Protocol of the Session on April 3, 2014

Herr Präsident, meine Damen und Herren! Es ist fast ein Jahr her, dass wir durch die mutigen Enthüllungen des Edward Snowden erfahren haben, wie umfassend wir alle durch US-Geheimdienste überwacht werden. Im Bundestag ist es gelungen, mit den Stimmen aller Fraktionen einen Untersuchungsausschuss zur NSA-Affäre einzusetzen, der heute seine Arbeit aufnimmt.

(Beifall bei der LINKEN)

Ich denke, das ist ein gutes Zeichen für Aufklärung und ein Zeichen dafür, dass diese Grundrechtsverletzung parteiübergreifend verurteilt wird.

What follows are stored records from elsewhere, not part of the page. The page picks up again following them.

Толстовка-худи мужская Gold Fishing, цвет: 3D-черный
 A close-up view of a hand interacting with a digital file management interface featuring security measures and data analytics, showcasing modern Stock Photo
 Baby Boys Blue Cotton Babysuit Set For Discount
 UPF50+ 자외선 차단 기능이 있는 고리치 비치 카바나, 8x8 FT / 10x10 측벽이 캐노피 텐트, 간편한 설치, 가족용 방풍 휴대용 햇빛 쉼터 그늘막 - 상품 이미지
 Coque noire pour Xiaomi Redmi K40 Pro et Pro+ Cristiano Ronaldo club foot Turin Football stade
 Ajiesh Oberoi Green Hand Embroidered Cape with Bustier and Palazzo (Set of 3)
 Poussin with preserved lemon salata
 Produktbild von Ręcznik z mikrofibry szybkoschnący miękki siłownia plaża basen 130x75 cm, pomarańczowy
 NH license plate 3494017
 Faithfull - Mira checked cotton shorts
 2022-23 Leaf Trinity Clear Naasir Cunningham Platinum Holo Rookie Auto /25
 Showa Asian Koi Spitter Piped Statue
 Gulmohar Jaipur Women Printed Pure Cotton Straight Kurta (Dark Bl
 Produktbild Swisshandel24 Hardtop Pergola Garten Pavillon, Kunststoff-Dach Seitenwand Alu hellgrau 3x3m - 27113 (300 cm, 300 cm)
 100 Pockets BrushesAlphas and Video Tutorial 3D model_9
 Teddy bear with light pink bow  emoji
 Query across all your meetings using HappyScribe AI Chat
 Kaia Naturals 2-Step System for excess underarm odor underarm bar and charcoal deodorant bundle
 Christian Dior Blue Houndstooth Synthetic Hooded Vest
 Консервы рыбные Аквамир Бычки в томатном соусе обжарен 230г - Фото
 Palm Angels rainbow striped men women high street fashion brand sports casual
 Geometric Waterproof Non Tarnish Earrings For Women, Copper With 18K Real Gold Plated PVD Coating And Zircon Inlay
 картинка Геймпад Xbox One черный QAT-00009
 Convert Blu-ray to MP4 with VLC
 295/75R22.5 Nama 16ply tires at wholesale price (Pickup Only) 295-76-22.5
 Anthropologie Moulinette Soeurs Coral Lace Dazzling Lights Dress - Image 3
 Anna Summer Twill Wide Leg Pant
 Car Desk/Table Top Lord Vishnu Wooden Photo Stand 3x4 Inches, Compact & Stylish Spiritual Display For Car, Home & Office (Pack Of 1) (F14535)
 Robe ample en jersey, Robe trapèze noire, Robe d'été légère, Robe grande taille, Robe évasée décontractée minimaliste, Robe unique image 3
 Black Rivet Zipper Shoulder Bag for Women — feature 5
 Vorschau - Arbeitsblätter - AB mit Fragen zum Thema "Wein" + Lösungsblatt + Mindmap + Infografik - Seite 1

Leider spielt Hessen in dieser NSA-Affäre eine ganz herausgehobene Rolle. Experten nennen Frankfurt die deutsche Geheimdiensthauptstadt der USA. Es ist nicht die Regierung, sondern Journalisten wie John Goetz und dem Projekt „Geheimer Krieg“ des NDR und der „Süddeutschen Zeitung“ zu verdanken, dass wir wenigstens ein bisschen von dem erfahren haben, was das US-Militär und die -Geheimdienste in Hessen eigentlich tun.

Wir haben erfahren, dass das US-Konsulat in Frankfurt eine heimliche Abhörstation und eine der größten Niederlas

sungen der CIA außerhalb Amerikas ist. Hier soll auch die Einheit sitzen, die in Berlin das Handy der Kanzlerin ausspioniert hat. Von hier werden Entführungen und geheime Foltergefängnisse geplant.

Eine zweite bedeutende Einrichtung ist der größtenteils unterirdische Dagger Complex in Griesheim. Das ist ein Abhörposten der US-Armee. Der ehemalige Bürgermeister vom Griesheim, Norbert Leber, hat versucht, herauszufinden, was dort passiert. Aber er durfte nicht einmal das Gelände betreten. Der grüne Darmstädter Oberbürgermeister Partsch hat sich in einem Brief über den Umgang der Militärpolizei mit Spaziergängern beschwert, weil immer wieder Autokennzeichen fotografiert und Vorbeigehende aufgehalten wurden.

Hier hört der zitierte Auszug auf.